╭──
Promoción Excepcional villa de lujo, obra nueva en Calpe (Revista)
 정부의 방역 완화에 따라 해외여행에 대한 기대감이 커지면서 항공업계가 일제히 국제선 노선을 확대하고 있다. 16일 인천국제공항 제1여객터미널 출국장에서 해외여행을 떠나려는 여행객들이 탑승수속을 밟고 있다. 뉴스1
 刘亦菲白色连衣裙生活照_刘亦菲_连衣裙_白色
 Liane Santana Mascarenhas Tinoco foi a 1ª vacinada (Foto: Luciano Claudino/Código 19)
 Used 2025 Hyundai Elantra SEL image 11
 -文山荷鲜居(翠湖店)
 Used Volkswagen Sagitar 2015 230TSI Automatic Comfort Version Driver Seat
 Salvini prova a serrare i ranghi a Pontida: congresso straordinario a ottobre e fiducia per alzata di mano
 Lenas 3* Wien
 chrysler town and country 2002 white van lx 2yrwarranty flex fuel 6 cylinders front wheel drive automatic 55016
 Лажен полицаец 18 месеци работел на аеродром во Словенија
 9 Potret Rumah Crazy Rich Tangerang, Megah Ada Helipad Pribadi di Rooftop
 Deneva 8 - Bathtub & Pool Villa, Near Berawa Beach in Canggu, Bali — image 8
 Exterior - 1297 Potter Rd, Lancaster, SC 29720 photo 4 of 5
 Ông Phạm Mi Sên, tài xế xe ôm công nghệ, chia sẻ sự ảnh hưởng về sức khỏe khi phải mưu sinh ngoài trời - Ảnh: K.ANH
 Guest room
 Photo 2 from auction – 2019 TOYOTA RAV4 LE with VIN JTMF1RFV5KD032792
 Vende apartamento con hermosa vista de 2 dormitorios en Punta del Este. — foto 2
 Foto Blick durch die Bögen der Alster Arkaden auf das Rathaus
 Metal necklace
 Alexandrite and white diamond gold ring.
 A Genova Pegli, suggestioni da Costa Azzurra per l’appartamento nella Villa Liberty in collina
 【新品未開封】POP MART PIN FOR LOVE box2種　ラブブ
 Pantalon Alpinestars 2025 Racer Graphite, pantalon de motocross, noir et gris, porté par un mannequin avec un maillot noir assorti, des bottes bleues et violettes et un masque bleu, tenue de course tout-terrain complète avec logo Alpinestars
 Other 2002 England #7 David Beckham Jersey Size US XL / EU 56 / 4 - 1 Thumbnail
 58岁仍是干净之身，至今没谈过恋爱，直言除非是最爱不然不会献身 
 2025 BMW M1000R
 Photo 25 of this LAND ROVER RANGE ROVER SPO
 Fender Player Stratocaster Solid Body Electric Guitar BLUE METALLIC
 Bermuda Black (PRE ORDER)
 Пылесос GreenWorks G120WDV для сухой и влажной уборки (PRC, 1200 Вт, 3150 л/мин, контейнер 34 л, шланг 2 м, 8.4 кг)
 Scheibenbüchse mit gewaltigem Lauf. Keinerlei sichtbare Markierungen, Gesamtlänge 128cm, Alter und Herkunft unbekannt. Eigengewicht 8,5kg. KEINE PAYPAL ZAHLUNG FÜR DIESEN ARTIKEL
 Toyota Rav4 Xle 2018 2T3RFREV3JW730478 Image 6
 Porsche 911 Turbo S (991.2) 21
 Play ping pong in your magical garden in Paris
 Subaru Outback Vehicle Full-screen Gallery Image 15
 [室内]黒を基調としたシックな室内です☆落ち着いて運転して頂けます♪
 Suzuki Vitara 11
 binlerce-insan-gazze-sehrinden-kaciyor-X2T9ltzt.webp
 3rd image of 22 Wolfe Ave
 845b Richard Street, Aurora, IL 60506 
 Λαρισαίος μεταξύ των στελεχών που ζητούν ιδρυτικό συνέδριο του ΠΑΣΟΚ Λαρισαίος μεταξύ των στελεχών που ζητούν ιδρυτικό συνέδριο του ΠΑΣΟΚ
╰──
Your task is to restate, word for word, only those lines above that fall between the line holding "A Genova Pegli, suggestioni" and the line holding "Pantalon Alpinestars 2025", inclusive.

ANSWER ▸
 A Genova Pegli, suggestioni da Costa Azzurra per l’appartamento nella Villa Liberty in collina
 【新品未開封】POP MART PIN FOR LOVE box2種　ラブブ
 Pantalon Alpinestars 2025 Racer Graphite, pantalon de motocross, noir et gris, porté par un mannequin avec un maillot noir assorti, des bottes bleues et violettes et un masque bleu, tenue de course tout-terrain complète avec logo Alpinestars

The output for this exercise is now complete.